● Prompt
Starting with the line with "Jr. All-Star Girls" in the entries below and going on through the line with "Dawson</a> Standouts from", output every line exactly and nothing more. No pictures.

● Listed entries
────────────────

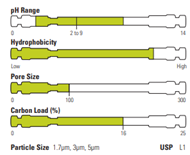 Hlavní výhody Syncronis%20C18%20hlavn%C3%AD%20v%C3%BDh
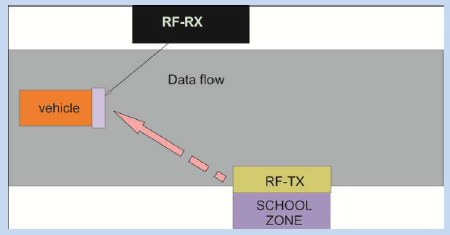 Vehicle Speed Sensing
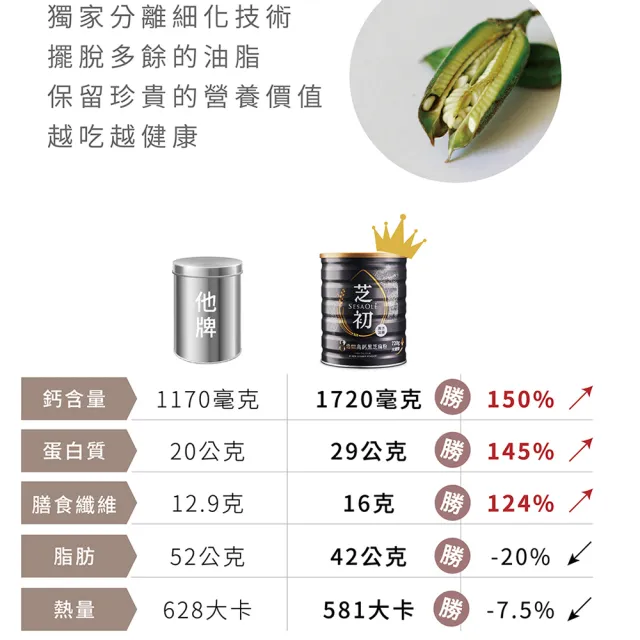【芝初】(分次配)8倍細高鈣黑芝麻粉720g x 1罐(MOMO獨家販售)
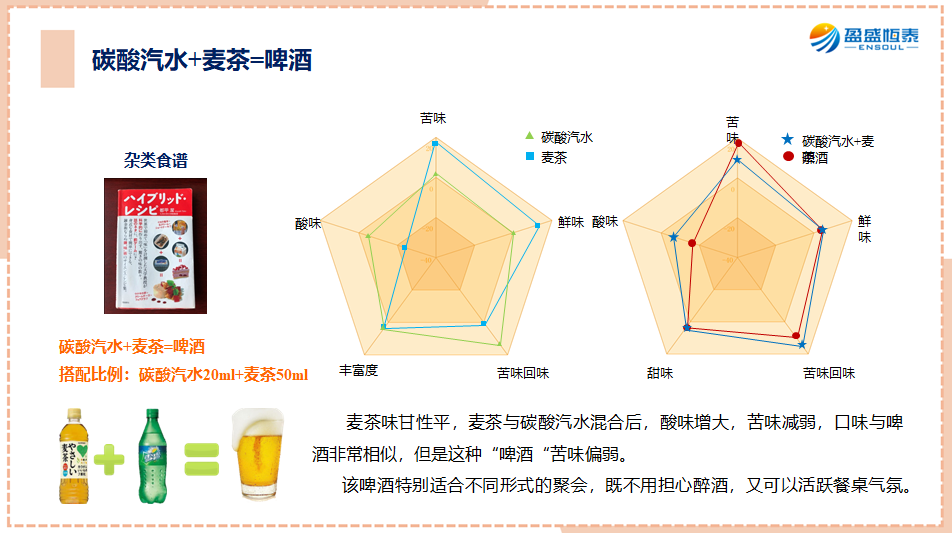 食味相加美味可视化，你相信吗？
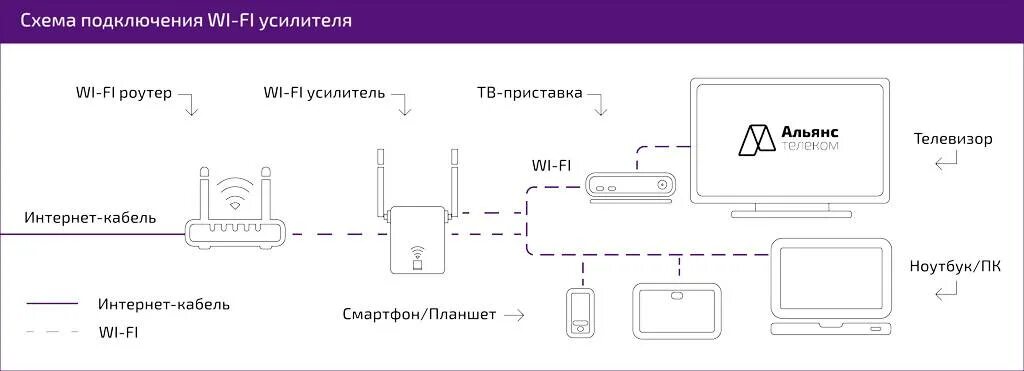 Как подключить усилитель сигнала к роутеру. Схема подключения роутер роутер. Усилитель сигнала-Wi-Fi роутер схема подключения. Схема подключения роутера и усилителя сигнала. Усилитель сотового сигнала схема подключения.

────────────────

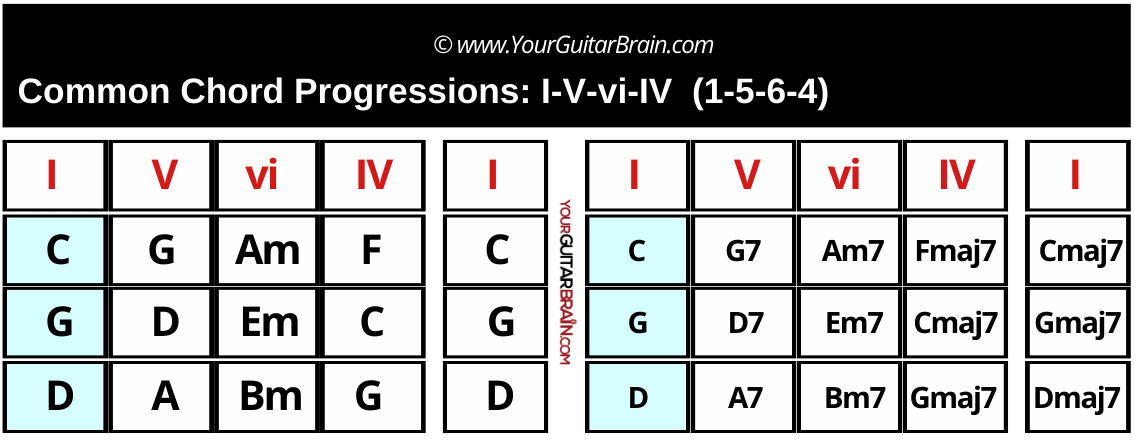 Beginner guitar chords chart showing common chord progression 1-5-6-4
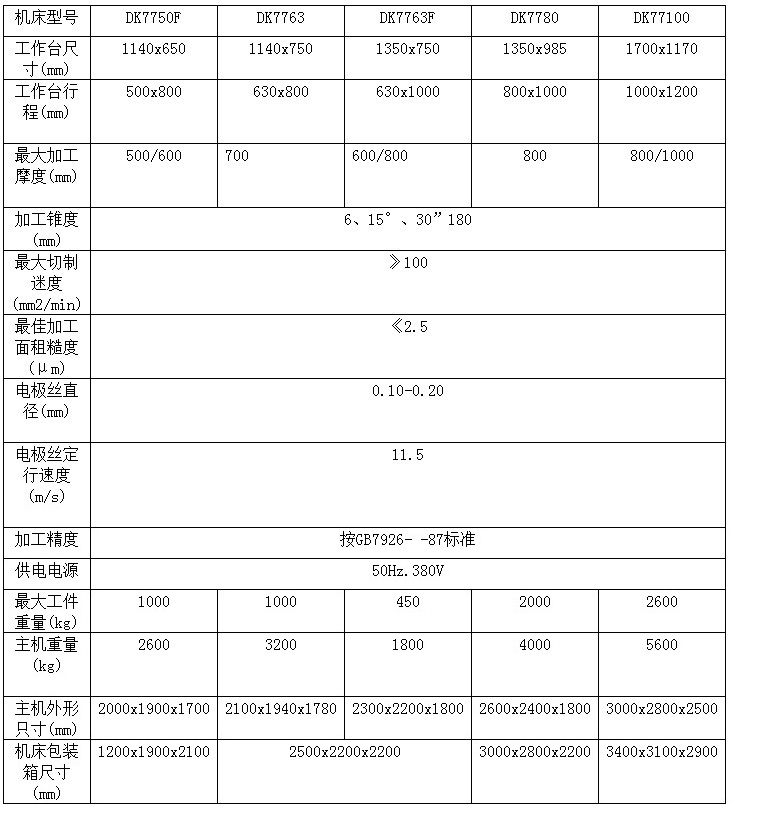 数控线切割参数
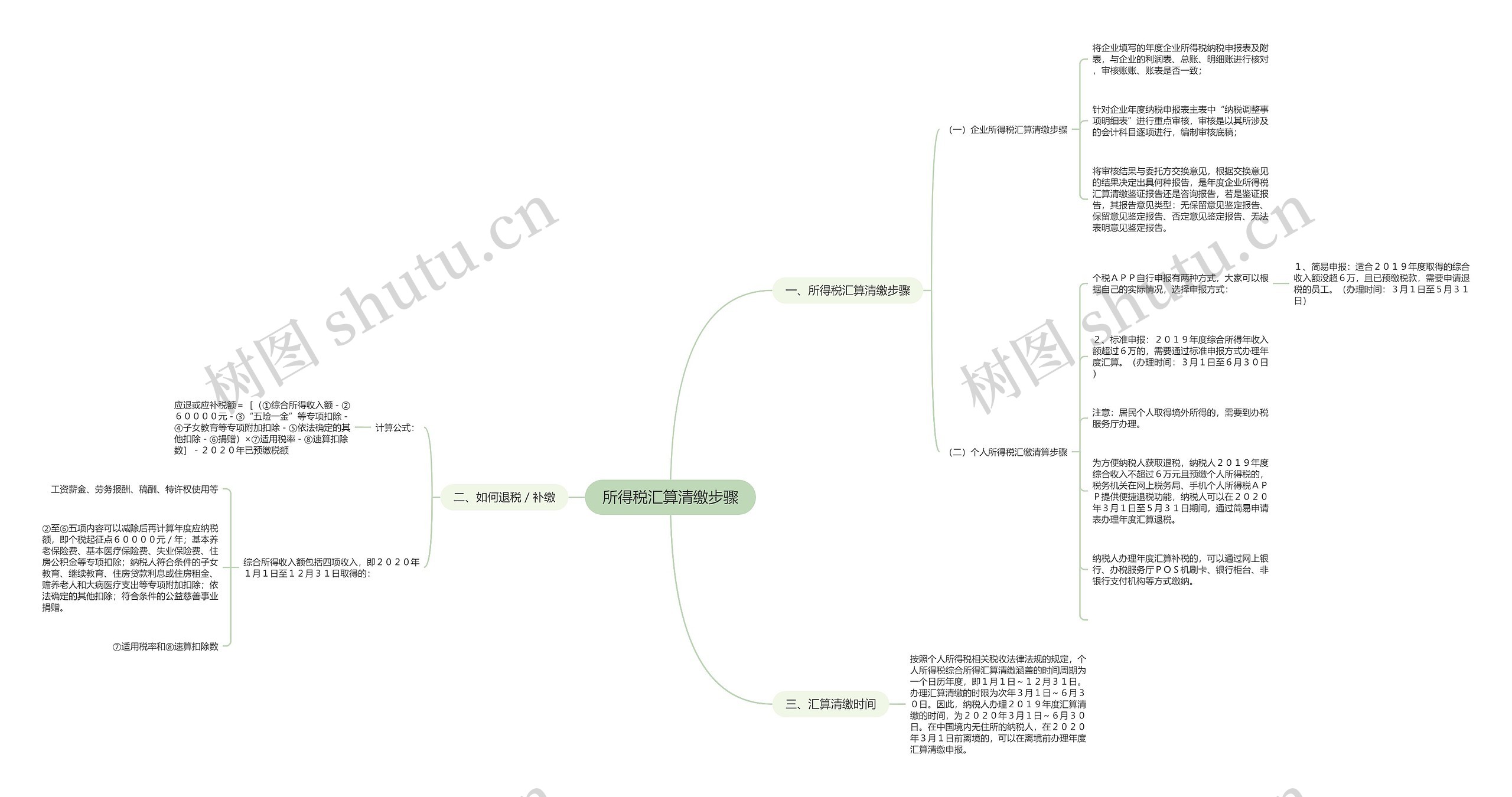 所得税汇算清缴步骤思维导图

────────────────

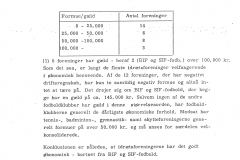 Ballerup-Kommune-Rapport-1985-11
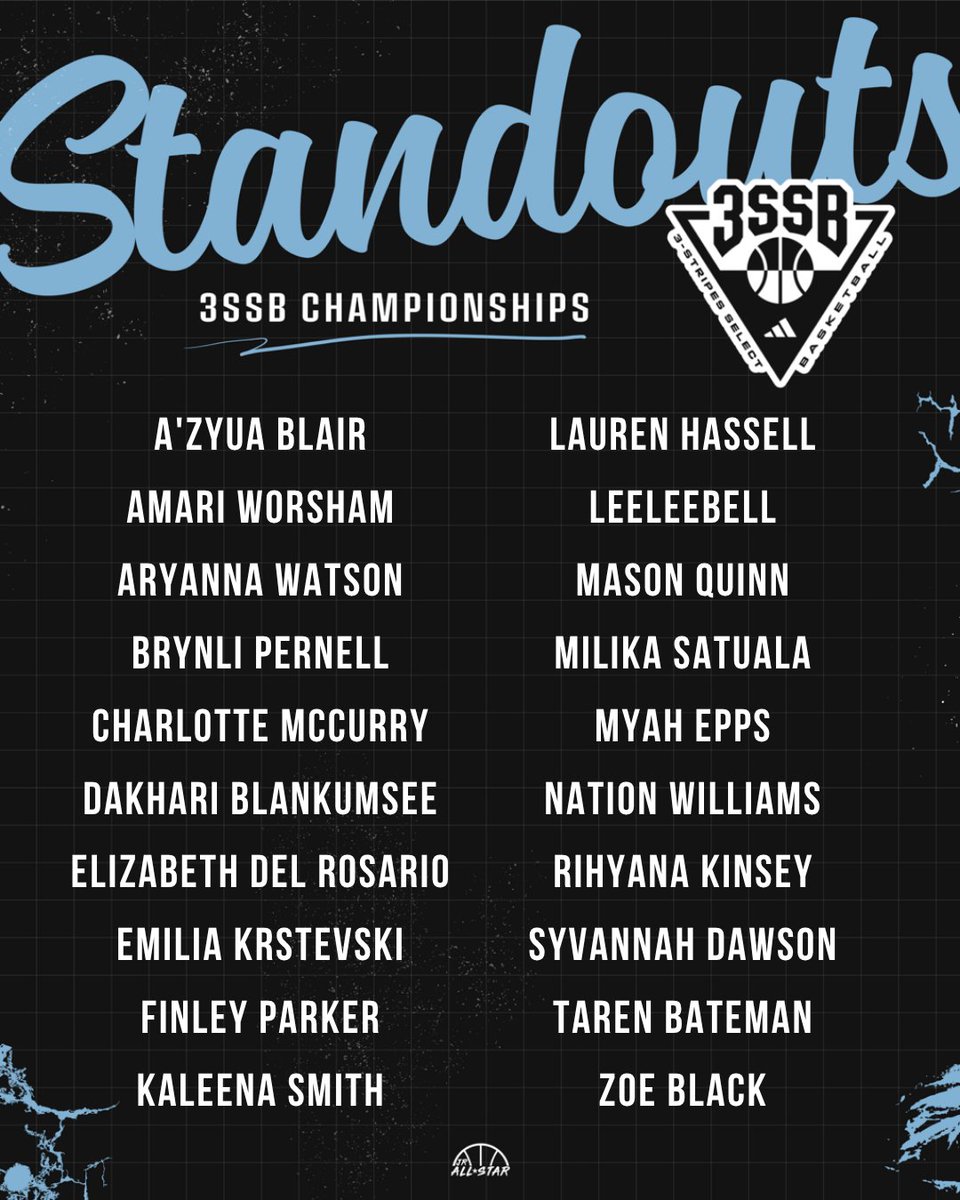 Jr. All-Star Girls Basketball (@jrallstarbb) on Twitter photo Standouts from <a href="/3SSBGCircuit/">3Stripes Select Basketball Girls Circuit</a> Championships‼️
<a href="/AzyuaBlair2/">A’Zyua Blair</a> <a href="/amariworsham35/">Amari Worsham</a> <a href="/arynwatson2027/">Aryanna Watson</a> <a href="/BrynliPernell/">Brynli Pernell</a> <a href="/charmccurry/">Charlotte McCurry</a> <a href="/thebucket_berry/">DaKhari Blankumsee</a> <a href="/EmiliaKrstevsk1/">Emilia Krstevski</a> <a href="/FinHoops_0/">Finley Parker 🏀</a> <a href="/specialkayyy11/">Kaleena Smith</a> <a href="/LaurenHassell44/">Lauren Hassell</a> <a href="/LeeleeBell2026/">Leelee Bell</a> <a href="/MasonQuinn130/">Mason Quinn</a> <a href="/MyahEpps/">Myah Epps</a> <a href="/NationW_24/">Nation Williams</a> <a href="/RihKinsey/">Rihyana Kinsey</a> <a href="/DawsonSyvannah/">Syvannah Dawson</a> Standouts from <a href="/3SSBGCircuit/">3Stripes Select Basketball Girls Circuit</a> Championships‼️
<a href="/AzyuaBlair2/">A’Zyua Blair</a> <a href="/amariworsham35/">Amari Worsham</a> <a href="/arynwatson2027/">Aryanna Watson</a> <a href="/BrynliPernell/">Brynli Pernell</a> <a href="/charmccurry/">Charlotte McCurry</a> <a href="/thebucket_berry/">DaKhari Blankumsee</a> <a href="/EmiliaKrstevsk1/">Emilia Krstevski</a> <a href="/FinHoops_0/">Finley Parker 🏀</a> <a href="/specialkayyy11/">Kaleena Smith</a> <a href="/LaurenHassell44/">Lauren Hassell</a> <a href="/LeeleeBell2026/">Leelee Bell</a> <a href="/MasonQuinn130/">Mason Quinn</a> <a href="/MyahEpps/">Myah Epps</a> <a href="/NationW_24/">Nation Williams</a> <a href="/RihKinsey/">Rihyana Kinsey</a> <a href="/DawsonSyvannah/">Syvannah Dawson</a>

────────────────

● Solution for this exercise
 Jr. All-Star Girls Basketball (@jrallstarbb) on Twitter photo Standouts from <a href="/3SSBGCircuit/">3Stripes Select Basketball Girls Circuit</a> Championships‼️
<a href="/AzyuaBlair2/">A’Zyua Blair</a> <a href="/amariworsham35/">Amari Worsham</a> <a href="/arynwatson2027/">Aryanna Watson</a> <a href="/BrynliPernell/">Brynli Pernell</a> <a href="/charmccurry/">Charlotte McCurry</a> <a href="/thebucket_berry/">DaKhari Blankumsee</a> <a href="/EmiliaKrstevsk1/">Emilia Krstevski</a> <a href="/FinHoops_0/">Finley Parker 🏀</a> <a href="/specialkayyy11/">Kaleena Smith</a> <a href="/LaurenHassell44/">Lauren Hassell</a> <a href="/LeeleeBell2026/">Leelee Bell</a> <a href="/MasonQuinn130/">Mason Quinn</a> <a href="/MyahEpps/">Myah Epps</a> <a href="/NationW_24/">Nation Williams</a> <a href="/RihKinsey/">Rihyana Kinsey</a> <a href="/DawsonSyvannah/">Syvannah Dawson</a> Standouts from <a href="/3SSBGCircuit/">3Stripes Select Basketball Girls Circuit</a> Championships‼️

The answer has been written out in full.